The subject tackled by the film is important and one desperately wants to like it but, at the end one, is left wondering if the issue could have been seen in greater depth. As it is, one finds oneself praising only Deepika’s courage for appearing disfigured through a large part of the film.

Chhapaak belongs to a new kind of activist-cinema-as-entertainment, usually based on real-life stories, but fictionalized. The film-makers in these films seem confused about what direction he or she should take. If a film is being factual, it is not obliged to have a clear idea of why something is happening, especially individual acts, since individual motivations are mysterious and one only speculates. But when a film announces that it is fiction (as Chhapaak does) it must be clear why it portrays something in a certain way. Chhapaak is purportedly based on the story of Laxmi Agarwal who was also attacked with acid by a Muslim man and disfigured because she resisted his advances, but by being faithful to this aspect, the film is putting in a detail it cannot account for as fiction. Acid attacks are apparently most numerous in Uttar Pradesh; Uttar Pradesh is also the state where Hindu-Muslim relationships are being met with most hostility but Meghna Gulzar makes nothing of these issues. My observation here is that the film simply cannot take a detail from real life and insert it into fiction without having a clear idea of why it is doing so. We interpret fiction as we do not always interpret fact and introducing detail about the assailant’s religious affinities has us interpreting it as political discourse. Also, there is the issue of Basheer Shaik enlisting his sister’s support and she actually flinging the acid at Malti. One does not know if this had a real life parallel but we want to know why she did it. Since Chhapaak is constructed fiction, the director cannot ‘not know’ why the detail is there.

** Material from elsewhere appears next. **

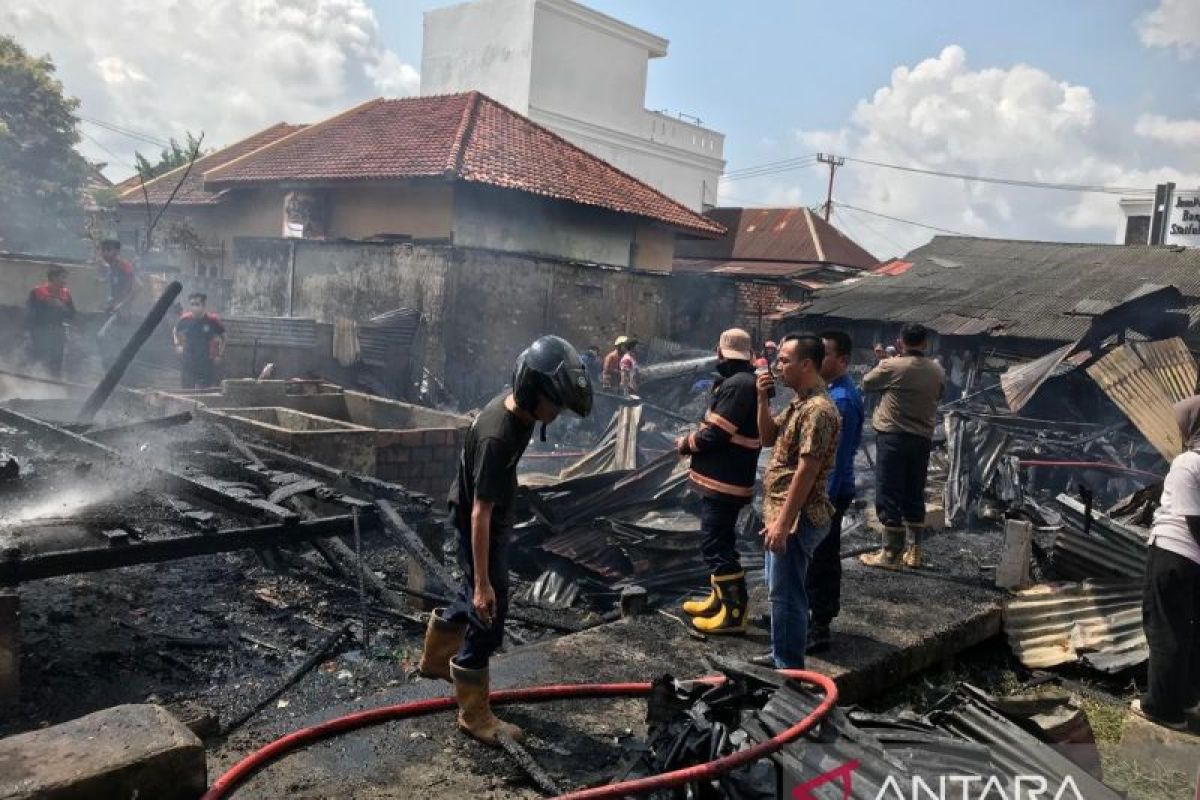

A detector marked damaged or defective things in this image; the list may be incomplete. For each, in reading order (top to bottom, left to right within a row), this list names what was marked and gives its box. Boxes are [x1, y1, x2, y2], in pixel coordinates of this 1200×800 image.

 Activist topics as the subjects of entertainment cinema may look like a good idea partly because people tend to be charitable to such films, but while taking up such a subject is welcome, film-makers cannot imagine that they are absolved from the demands of fiction. There need to be characters and complications and the melodrama would perhaps be the best vehicle to help good causes along. We demand that good must triumph over evil in the proper convoluted way with accidents and coincidences dotting the fiction. Merely having issues sorted out in the courtroom through the intervention of lawyers and stories in which resolutions are handed down by judges do not make for satisfying viewing. Under the pretext of ‘realism’ popular cinema is getting more impoverished in its plotting and Chhapaak is a typical instance of the depletion of the narrative by activist intentions. The polemics of activism, film directors must learn, are not incompatible with the demands of fiction.